Copy only what lies from the line containing "कगार पर मुनगा" through the line containing "Mini Bernedoodle dogs for sale: Crew - Ad 9" in the entries below, keeping both end lines exact and dropping every picture.

(The data)
Start of Block

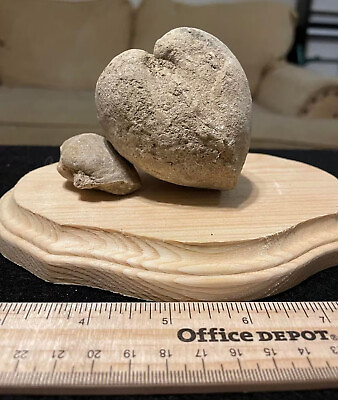 #ad Heart Shaped Giant Clam Fossil 60 Million Year Old Cretaceous Bivalve $12.00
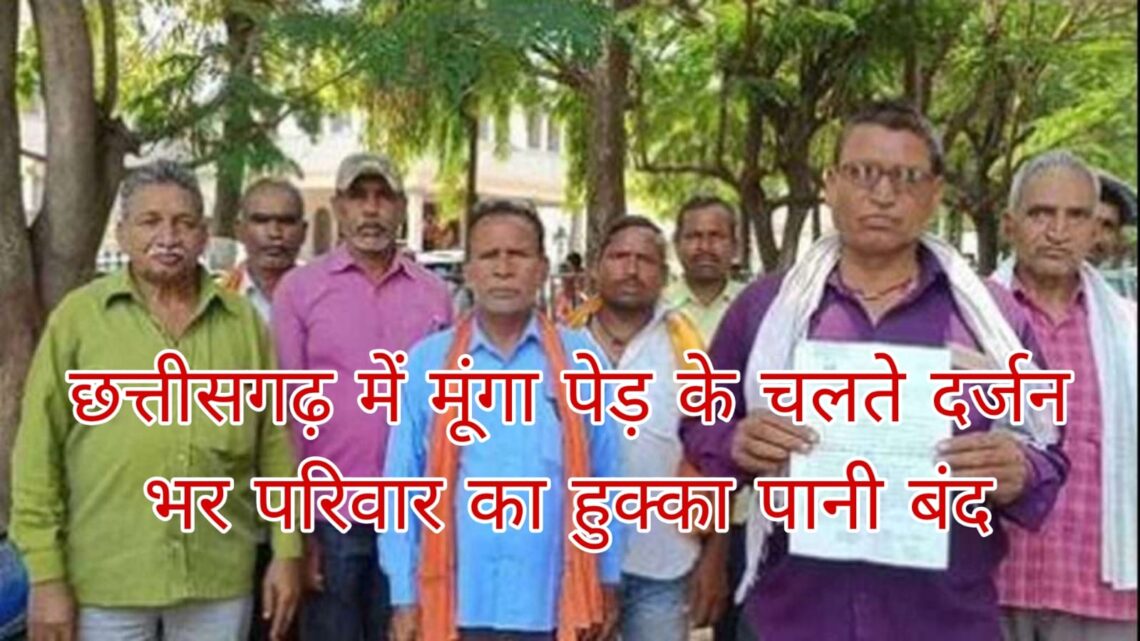 मुनगा पेड़ के विवाद ने 14 परिवारों को पहुंचाया बहिष्कार के कगार पर मुनगा पेड़ के विवाद ने 14 परिवारों को पहुंचाया बहिष्कार के कगार पर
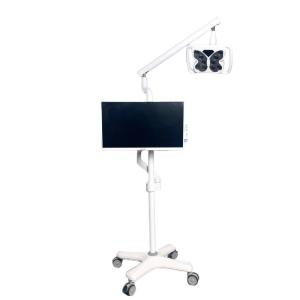 China 4 Universal Wheels Cold Light Teeth Whitening System Butterfly Shape Teeth Bleaching Equipment factory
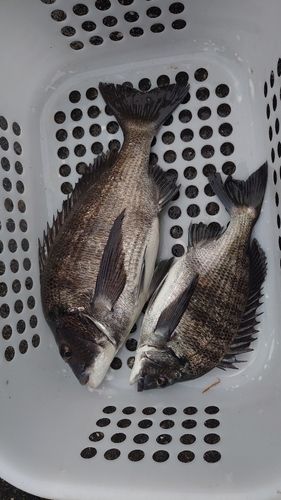 チヌの釣果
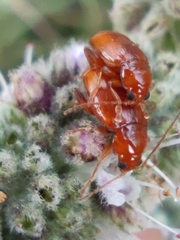 Neocrepidodera ferruginea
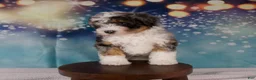 Mini Bernedoodle dogs for sale: Crew - Ad 9
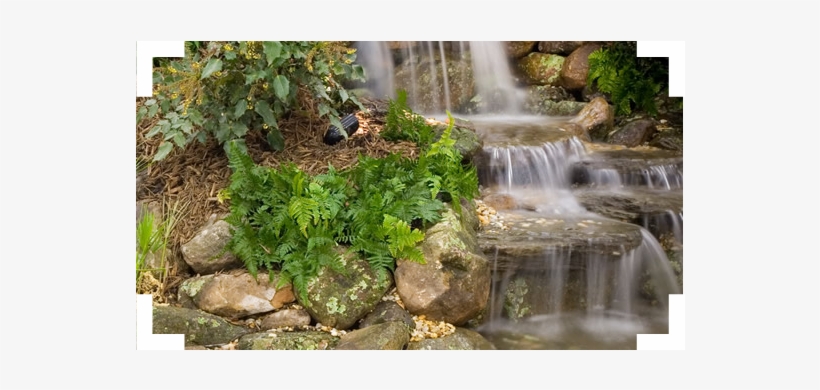 Welcome To Live Oak Landscape Services Inc - Laguna Max Flo 2200 Waterfall & Filter Pump, transparent png download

End of Block

(Answer box)
 मुनगा पेड़ के विवाद ने 14 परिवारों को पहुंचाया बहिष्कार के कगार पर मुनगा पेड़ के विवाद ने 14 परिवारों को पहुंचाया बहिष्कार के कगार पर
 China 4 Universal Wheels Cold Light Teeth Whitening System Butterfly Shape Teeth Bleaching Equipment factory
 チヌの釣果
 Neocrepidodera ferruginea
 Mini Bernedoodle dogs for sale: Crew - Ad 9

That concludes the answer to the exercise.